Until, that is, Warhol (Tom Story) starts singing. Story is pitch-perfect as the laconic, drawling artist, but even he can’t quite manage to sound blasé while singing the opening number, “Paper Bag.” For the showy, glamorous Candy, belting out lyrics comes much more naturally, making her the perfect emcee as cast members attempt to figure out which one of them shot Warhol, their friend/idol/enabler/oppressor. Although Warhol is present onstage for much of the action, he seems to be stuck in a dream sequence, witnessing the circumstances surrounding his own attempted murder with unwilling (and suitably muted) disbelief.

Coleman, Jacobs, and director Keith Alan Baker have amassed a spectacular amount of detail into 90 minutes, from the paper bag Solanas was seen clutching on the night of the shooting (which features prominently in a prolonged metaphor about emptiness), to the films Warhol made, to the foil lining the walls of the Factory and the silver helium balloons littering the ceiling. And detail is what really makes this musical shine, as when Ondine uses a pill bottle in lieu of maracas, or a Catholic priest in a fake funeral scene swings a Campbell’s soup can full of incense. Different Warhol images are projected onto the wall for different scenes (a needle and a piggy bank for Edie; a gun for Valerie), assigning motifs to characters. And one of the strongest scenes imagines artists Jackson Pollock, Franz Kline, and Robert Motherwell as ape-like cowboys, playing with paint in the same mindless, robotic fashion with which a dog would play with a chew toy. Creatively, at least, it’s out of the ballpark.

But no matter how historically accurate it is, or how strong the songs are (and some numbers, like “Big Gun” and “99 Superstars” are both catchy and unbelievably inventive), the premise still lacks an ultimate ingredient: suspense.
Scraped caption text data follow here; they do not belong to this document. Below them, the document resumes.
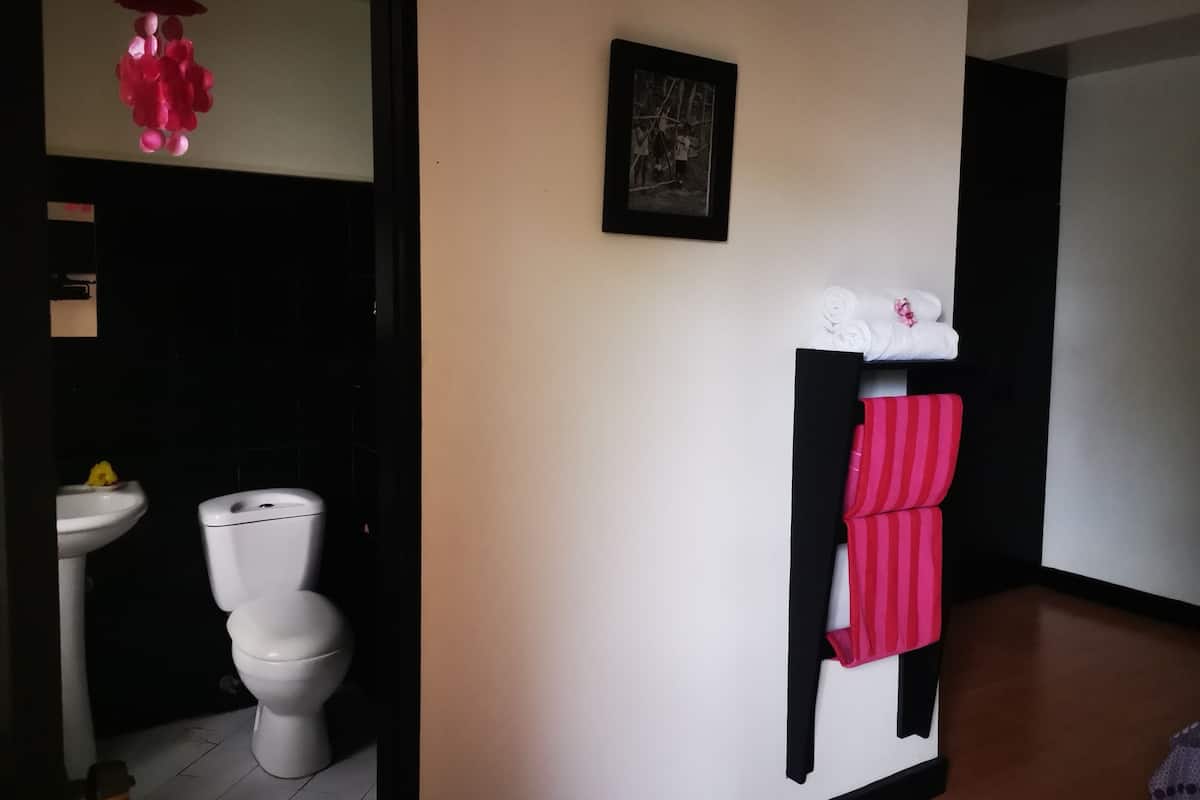 Deluxe Double Room, 1 Bedroom, Ocean View | Bathroom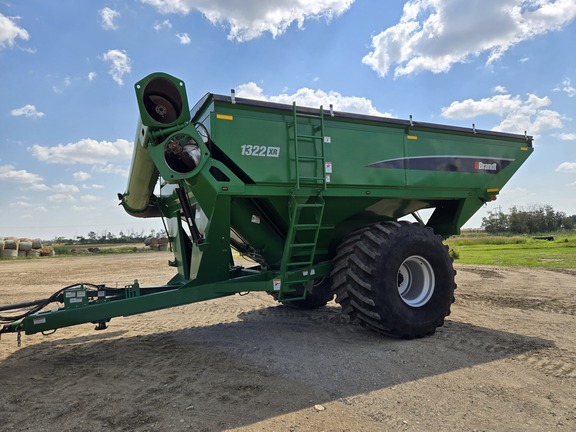 2019 Brandt 1322XR Grain Cart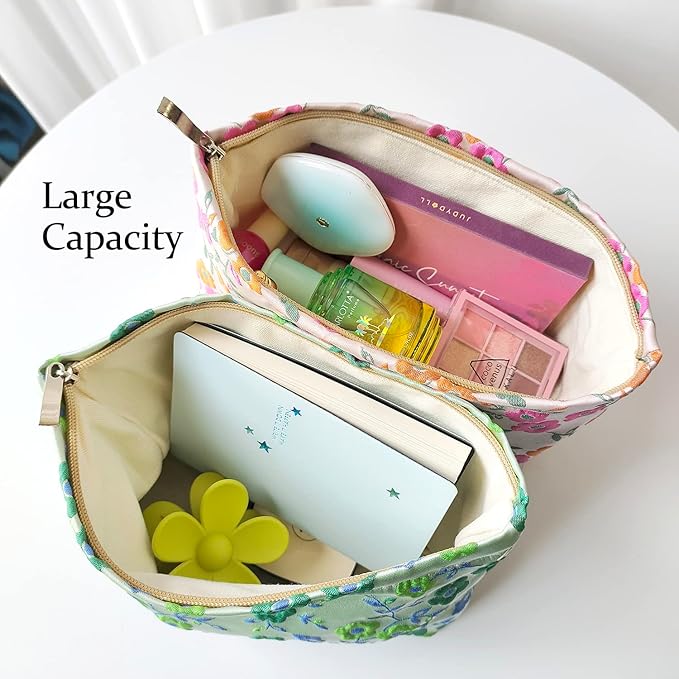 STARDW Aesthetic Floral Makeup Bag Cute Small Cosmetic Bags for Women Girls, Travel Toiletry Bag Large Capacity Zipper Makeup Pouch, Purse Organizer Pouches (Pink Flowers)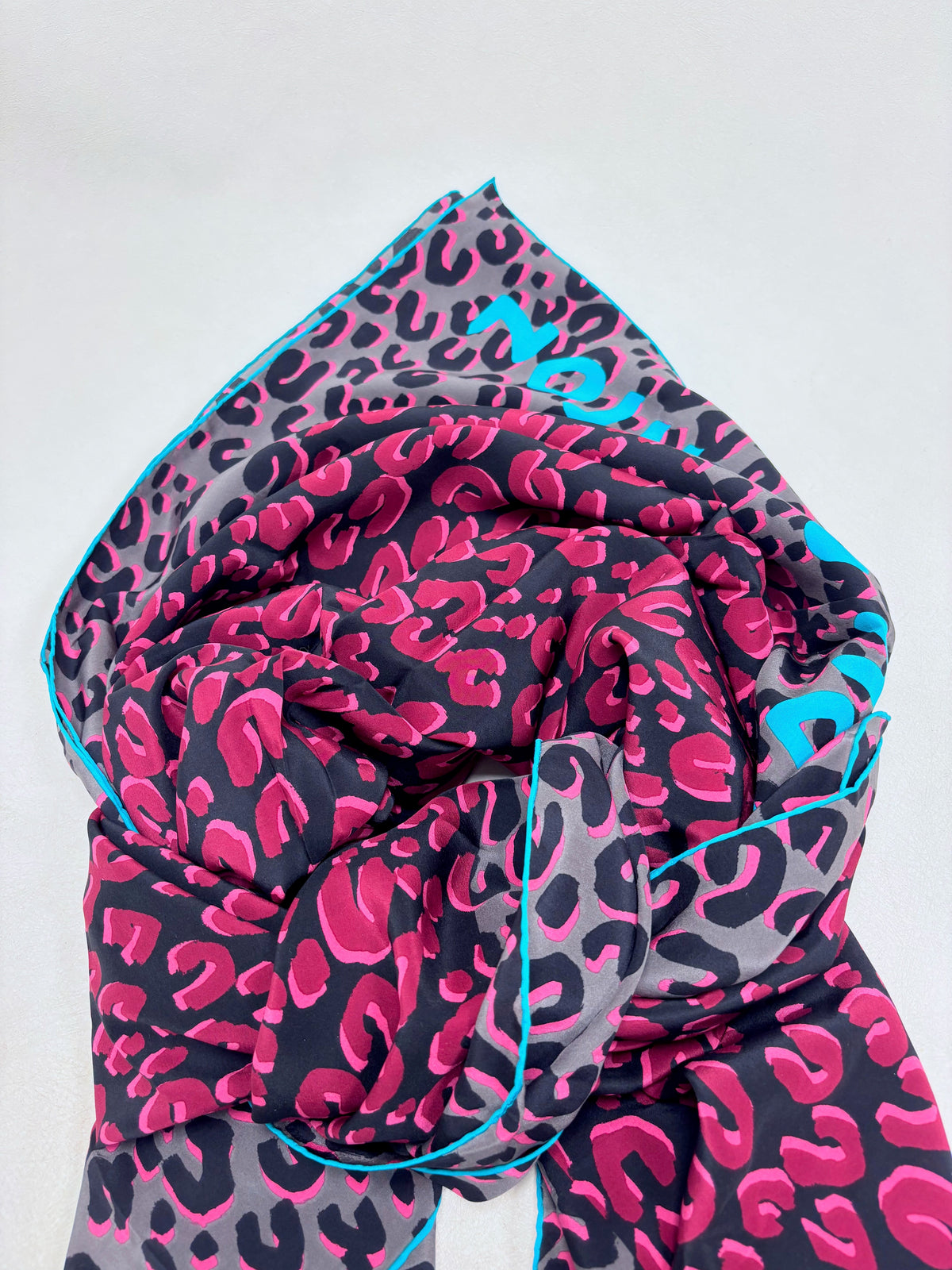 LOUIS VUITTON x Stephen Sprouse Maxi Foulard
Even without biographical context, it’s clear that the outcast, scruffy, stained sweater-wearing Solanas is the ultimate villain, even as she barely stands out in a room full of obnoxious egos and shameless abusers. Jacobs and Coleman want us to dwell on the superficiality of it all: the empty paper bags, the identical paper dolls dressed up by Warhol, and the “million billion carbon copies turning death into decor.” But the constant creativity on display, from Warhol’s silkscreens to a dance sequence in which the cast combine a funeral with doo-wop, undermines that premise. Or maybe it doesn’t. This is a flashy, spectacular, thoughtful, detailed music about not very much, which makes it probably as accurate a portrayal of the artist himself as we’ll ever see onstage. It may all be a big artistic Ponzi scheme, but it sure can be fun to watch.

Pop! is at Studio Theatre through August 7. Tickets ($38 to $43) available at Studio Theatre’s Web site.